Belgian, Secretary/Administrative Assistant to Head of Telecommunications, based at ESTEC
I was born in Brussels, Belgium where after taking my Baccalaureat in Latin and Greek I decided to take a private secretarial course. My first job was with a catalyst and chemical company in Vilvoorde but after a year and a half I started looking for another post, partly because there were a disconcerting number of accidents that took place in the factory, some serious and also to improve my prospects.
ESA were advertising for secretaries to work in Paris so I applied, went for an interview and was accepted. At the time I knew very little about ESA but found working in the Personnel Department in Paris a good introduction as I soon got to know how the Agency worked and met staff from all the different centres.
In 1989 I was offered a job with the newly formed European Astronaut Centre in Cologne, Germany. This was a great experience as I was the first secretary to start work there. Being in right from the beginning meant having to buy office equipment and meeting with local contractors for logistics support. After two years the first astronauts were recruited and I helped to organise the European visit of the astronauts responsible for deploying the European Retrievable Carrier (EURECA) science platform and accompanying them to ESOC.
After four years I decided to transfer to ESTEC in the Netherlands for family reasons. At ESTEC I worked first as an administrative assistant to the head of the Product Assurance Division and then to the head of the Microgravity Division.
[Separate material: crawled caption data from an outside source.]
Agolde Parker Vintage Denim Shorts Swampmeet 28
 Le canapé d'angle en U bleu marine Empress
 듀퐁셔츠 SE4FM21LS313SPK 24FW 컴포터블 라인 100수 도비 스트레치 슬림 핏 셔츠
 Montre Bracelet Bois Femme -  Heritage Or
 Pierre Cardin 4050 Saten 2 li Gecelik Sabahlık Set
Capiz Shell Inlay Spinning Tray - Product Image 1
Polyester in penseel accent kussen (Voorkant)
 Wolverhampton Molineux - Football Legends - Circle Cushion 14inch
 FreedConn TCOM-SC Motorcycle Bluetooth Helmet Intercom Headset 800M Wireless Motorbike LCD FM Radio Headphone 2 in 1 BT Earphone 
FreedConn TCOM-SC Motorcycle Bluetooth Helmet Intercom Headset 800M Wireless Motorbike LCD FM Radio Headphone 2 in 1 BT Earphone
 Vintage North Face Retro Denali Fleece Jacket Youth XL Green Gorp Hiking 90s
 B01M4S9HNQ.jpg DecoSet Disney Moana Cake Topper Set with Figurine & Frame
During this time I went to Cape Canaveral to see the STS 95 launch with Pedro Duque on board and then went on to Houston to follow the mission in the control room at the Johnson Space Center. It was hard work but a great experience. Now I work for the head of telecommunications, an interesting area that covers digital broadcasting, mobile telecommunication systems and telemedicine amongst others.
As you can see at ESA I have been able to move around both between and within centres, which is one of the attractions of working at ESA. I do not like routine and moving around has enabled me to see different aspects of the work that ESA does and to see the big plan. I like to think that the variety of jobs that I have done enables me to bring something new to my present job and also keeps me on my toes as I learn about different areas.
I have also continued my studies while working and this year I obtained a professional certificate in management from the UK Open University, for which ESA paid half the tuition fees.
Working at ESA means working in a young, dynamic and diverse environment. Space is the future and I like being a part of it.